Kali ini Movielitas berkesempatan menikmati sajian film drama (bisa dikatakan demikian), dicampur aroma aksi laga, thriller psikologi. Istilah-istilah itu versi Movielitas sendiri.

Sebenarnya film ini merupakan urutan ketiga dari film perdana The Purge. Untuk The Purge sendiri, Movielitas sudah menonton. Sedangkan seri kedua, Anarchy, belum Movielitas dapatkan, justru mendapatkan yang seri ketiga ini.

Di bagian awal, memang ada kesan keterkaitan antara seri ini dengan sebelumnya. Tapi, bagi Movielitas tidak terlalu berpengaruh banyak alias, tanpa menonton seri kedua, tidak kehilangan storyline.

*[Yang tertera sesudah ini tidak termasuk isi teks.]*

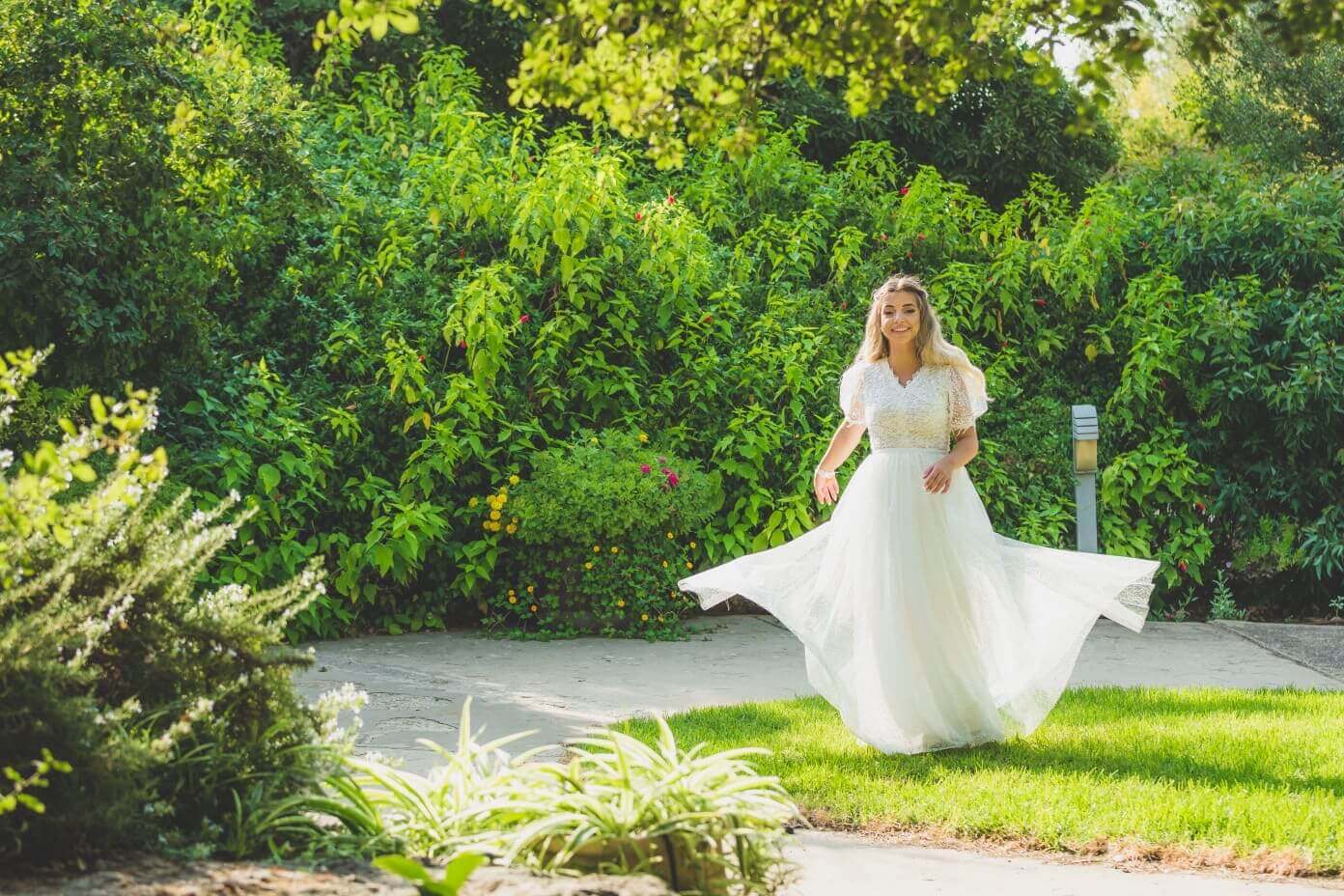 שמלת כלה עם שתי חצאיות ושרוולים נפוחים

Dari judulnya, tentu ada sangkut paut dengan drama politik. Election yang artinya pemilihan. Storyline utama, masih sama dengan gaya The Purge, dimana mengisahkan sebuah hari atau lebih tepatnya malam hari yang ditetapkan secara nasional sebagai "hari pembersihan". Di malam hari tersebut, orang-orang bebas "menghakimi" siapapun dengan cara apapun.

Inti cerita tersebut menjadi poros horor sekaligus psikologis untuk penontonnya, karena seperti mengajak berpikir bahwa bagaimana bila hukum tidak ada lagi. Yang ada chaos. Kesemerawutan dimana-mana. Ketakutan, kecemasan, kebrutalan, dan pembantaian massal.

Movielitas sendiri menyukai ide cerita dari The Purge ini. Ide ceritanya kreatif. Menciptakan horor bukan dengan gaya menampilkan makhluk dunia lain, tapi menyerang sisi psikologi penontonnya untuk membayangkan bila berada di posisi kehidupan satu malam tanpa hukum berlaku.

Dan, bila memilih yang lebih menarik, tentunya Movielitas cenderung memilih versi "asli" yaitu The Purge. Karena seperti yang diatas, film ini memakai gaya storyline yang kurang lebih sama alurnya. Hanya beda para pendukung film-nya.

Pesan moral dari film ini versi Movielitas adalah bisa jadi hukum seringkali "terasa" cacat, akan tetapi bila tanpa hukum sedikitpun mungkin akan jadi kiamat.